The images then produced, very contrasted, with sharp outlines and precise edges, are spotted in 1925 by Karl Nierendorf, connoisseur of the Dada movement and the constructivism. He detects in Blossfeldt’s photographs some modernity and a striking statement similar to those of 1930s avant-garde. Nierendorf then promotes the photographs through publications and exhibitions. Since that time, every book released about photography would evoke Blossfeldt until the mid 1950s.

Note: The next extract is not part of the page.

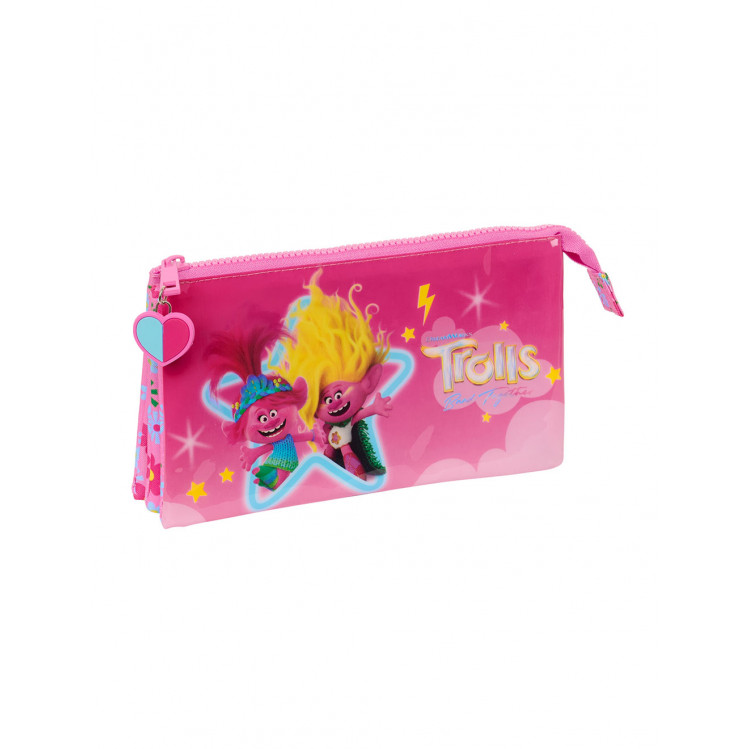 copy of Estuche triple Hello Kitty Happiness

His work would influence artists of very diverse orientation, from surrealists to Germaine Krull, Shomei Tomatsu or Robert Mapplethorpe.

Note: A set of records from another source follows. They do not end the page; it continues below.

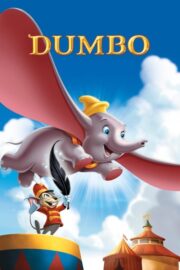 Dumbo (1941) İzle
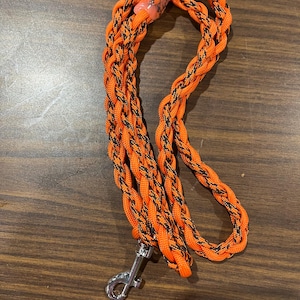 Small Dog leash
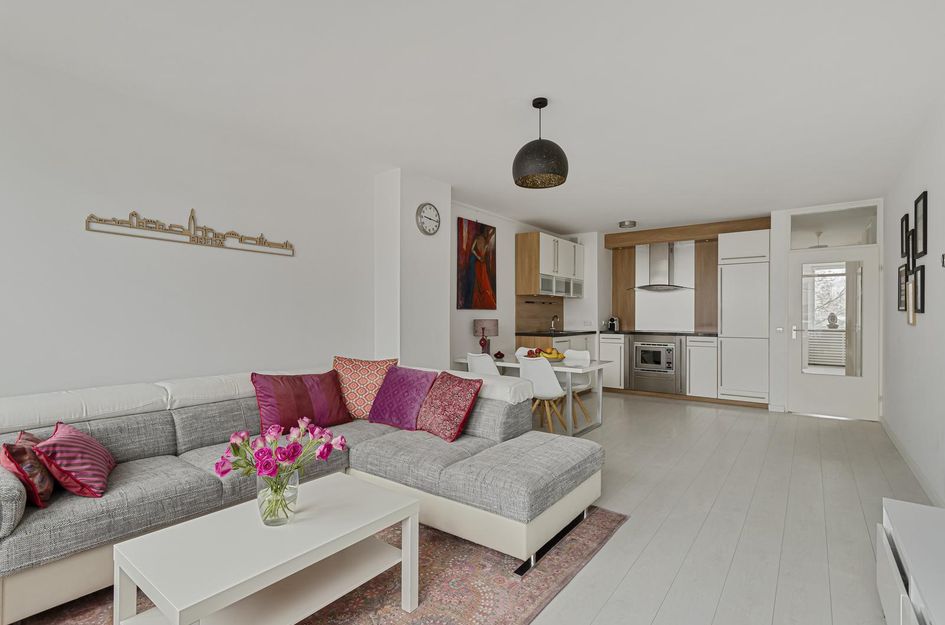 Godevaert Montensstraat 2B4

Through more than 6 000 photographs of stunning and austere straightforwardness, he highlights the creative will shared by both Nature and Art, where the highest form of Art is reached by following the traces of Nature. His direct approach, thus, reflects his poetic interpretation of the relationship between art and Nature “ Every sound expansion in the realm of art needs stimulation. New strength and stimulus for its healthy development can only be derived from Nature. And this is with this end in view that I have published this second volume – to arouse the Nature –sense, to demonstrate the wealth of beauty in Nature, to stimulate observation of our own plant world. [...] Not only, then, in the world of art, but equally in the realm of science, Nature is our best teacher.”

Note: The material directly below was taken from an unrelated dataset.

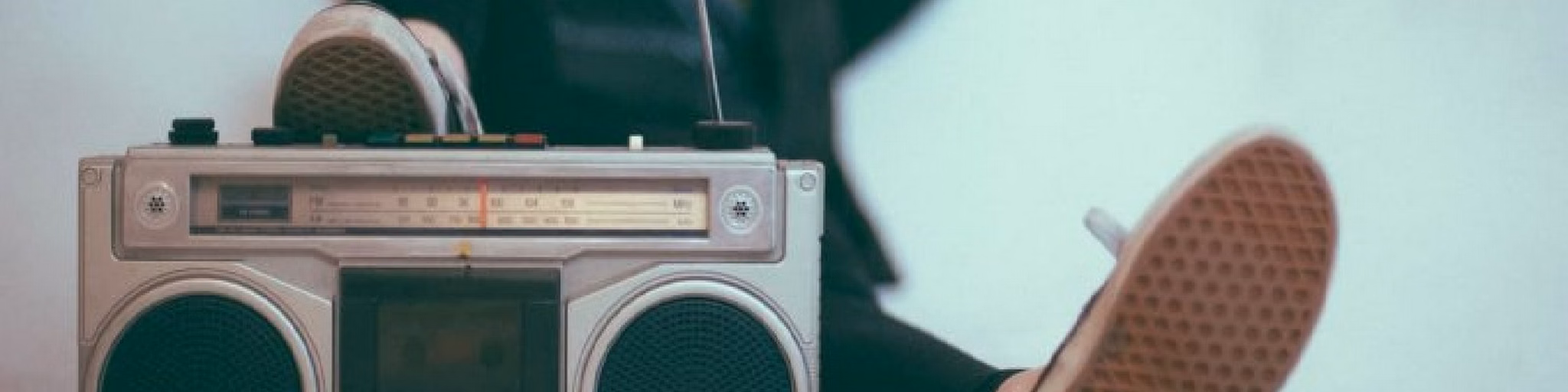 Radio Atividade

Karl Blossfeldt was born in 1865 in the Hartz mountains, in northern Germany. Apprentice in an art foundry, he then studied in the Unterrichtsanstalt des Königlichen Kunstgewerbemuseums Berlin, School of Decorative Arts where his teacher was Moritz Meurer. He joined in 1892 his teacher in Rome, where he assisted him in the study of Italian plant riches as a modeller. It is the starting point of Blossfeldt’s photographic work about plants, which he continued for decades, notably as a teacher in 1899 when he became professor for the Institute of the Royal Arts and Crafts Museum in Berlin. Before his death in 1932, he was still working on this theme, preparing his own drawing method. Recently, his works have been exhibited in the Maison Européenne de la Photographie (Paris, 1997), Fotomuseum Winterthur (Switzerland, 2000), Pinakothek der Moderne (Munich, 2012), White Chapel Gallery (London, 2014), Pinakothek der Moderne (Munich, 2015-2016).

His photographs are preserved in institutions such as the Museum of Modern Art (New York), Foundation Ann & Jürgen Wilde (Karl Blossfeldt Archives, Cologne), Universität der Künste Berlin (Berlin University of the Arts), Pinakothek der Moderne (Munich).